Governor, welcome to educators' worlds

Governor Nikki Haley is the victim, she says, of a hostile media. All together now: Awwww.

If there's a victim here, besides South Carolina's working class and unemployed, it's Commerce Secretary Bobby Hitt, who was sent by Haley to take the blame, issue symbolic mea culpas, and invite the bus to back over him.

Gov. Nikki Haley’s Commerce Department chief took the blame Tuesday for providing information that led to a recent report that the first-term Republican is overstating her success at job creation.

Bobby Hitt, director of the state Commerce Department, told Haley that he apologized for a jobs list released to the press last week that included jobs that were not yet announced, others that were recruited by former Gov. Mark Sanford and his administration, and 750 for Amazon.com, which Haley did not want to give a tax break to for locating a facility in the state.

Hitt said he regrets the breakdown of jobs on the list overshadowed Haley’s economic development work.

The Associated Press published a report Sunday that found Haley was inflating the 10,000-job figure she widely touted in recent weeks. Eventually, the AP found the governor’s economic development efforts have led to about 9,000 jobs since January, including 4,000 from Wal-Mart.

The focus should be on the accomplishments, Hitt said at Haley’s Cabinet meeting Tuesday.

“There is plenty to be proud of right now,” he said.

But deflecting blame onto Hitt wasn't sufficient for Her Excellency. She did her best to play the victim, but victimhood doesn't suit her well.

Haley accused the media of not giving her a break.

“The press will never want to say anything positive about us,” Haley said. “So, that is OK. If it’s 8,000 jobs or 9,000 jobs, any of my governor colleagues would love to have those numbers. One day the press will understand that being positive is a good thing.”

After the meeting, Haley told reporters that she is after one thing.

“What I want so desperately is, I want the people of this state to feel good about the things we’re doing right,” she said. “It makes me laugh that the press is so determined to talk about the negatives. All I am saying is make sure we talk about the great things.”

What's startling is that Haley has unwittingly entered the world of public school educators -- perhaps one day she will understand that this is a good thing -- and finds it an awful place.

Consider, if you will, how realistic it sounds if we take Haley's brief comments at yesterday's meeting, change the speaker to any public school educator in South Carolina, and replace a key word here and there:

"The [governor/state superintendent] will never want to say anything positive about us."

"If it’s 8,000 [successful students] or 9,000 [successful students], any of my [principal/teacher] colleagues would love to have those numbers."

"One day the [governor/state superintendent] will understand that being positive is a good thing."

"What I want so desperately is, I want the people of this state to feel good about the things we’re doing right."
(Hey, no change needed at all.)

"It makes me laugh that the [governor/state superintendent] is so determined to talk about the negatives."

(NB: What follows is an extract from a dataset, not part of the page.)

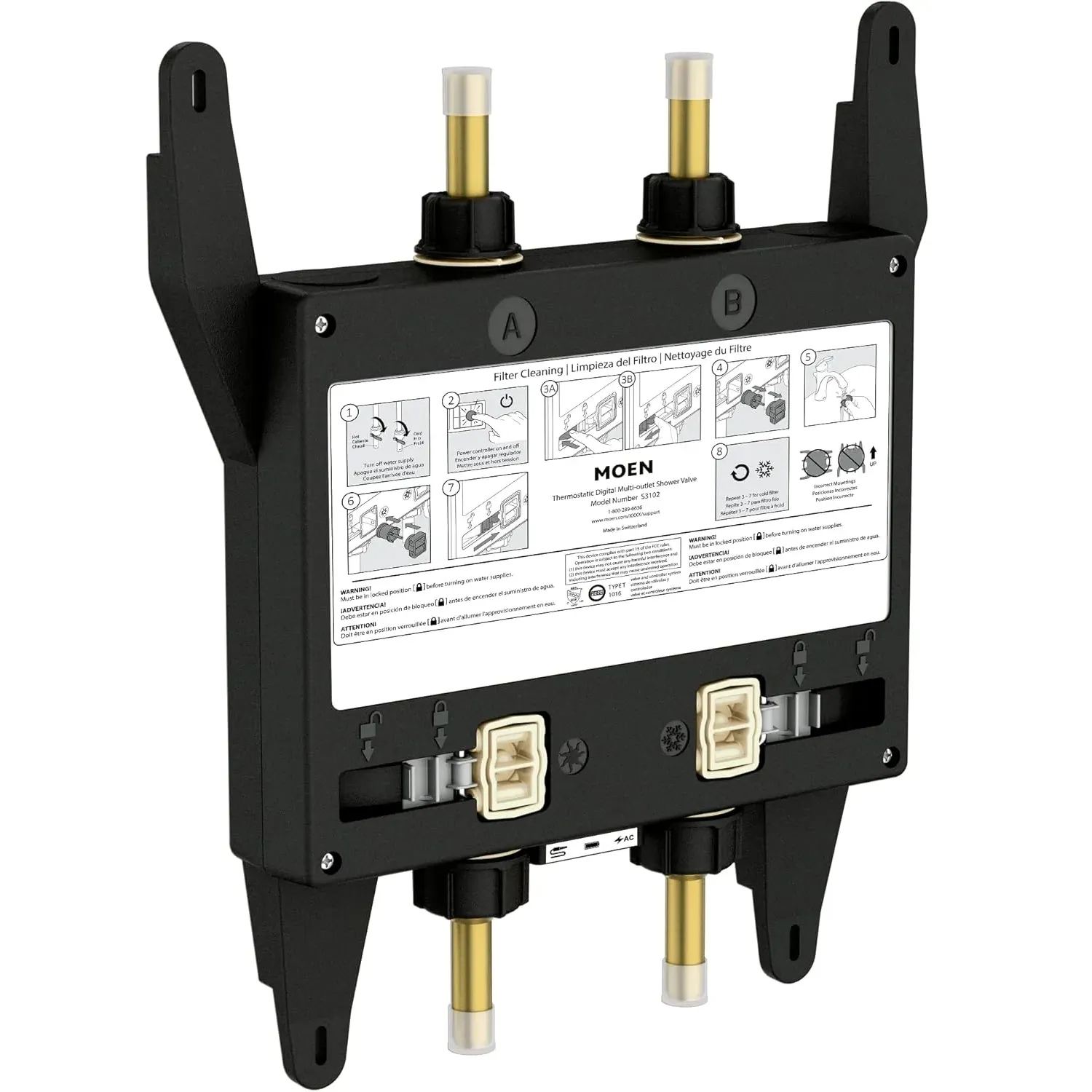 2025 Smart Shower 2-Outlet Digital Thermostatic Shower Valve with 1/2-Inch Connection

"All I am saying is make sure we talk about the great things."
(No change needed here, either.)

For good measure, let's throw in one of Hitt's comments to the educato-mator and see if the comment can be transmuted to sounds realistically like a public school educator:

"The focus should be on the accomplishments."

"There is plenty to be proud of right now."

See, it works perfectly.

Governor, welcome to our world.

Now that you've gotten a taste of it, maybe you'll understand why most educators won't fall to worshipping after you berate them, misrepresent their intentions, discount their efforts, minimize their achievements and generally undermine their professional choices in the future.

And Governor, come back when you can.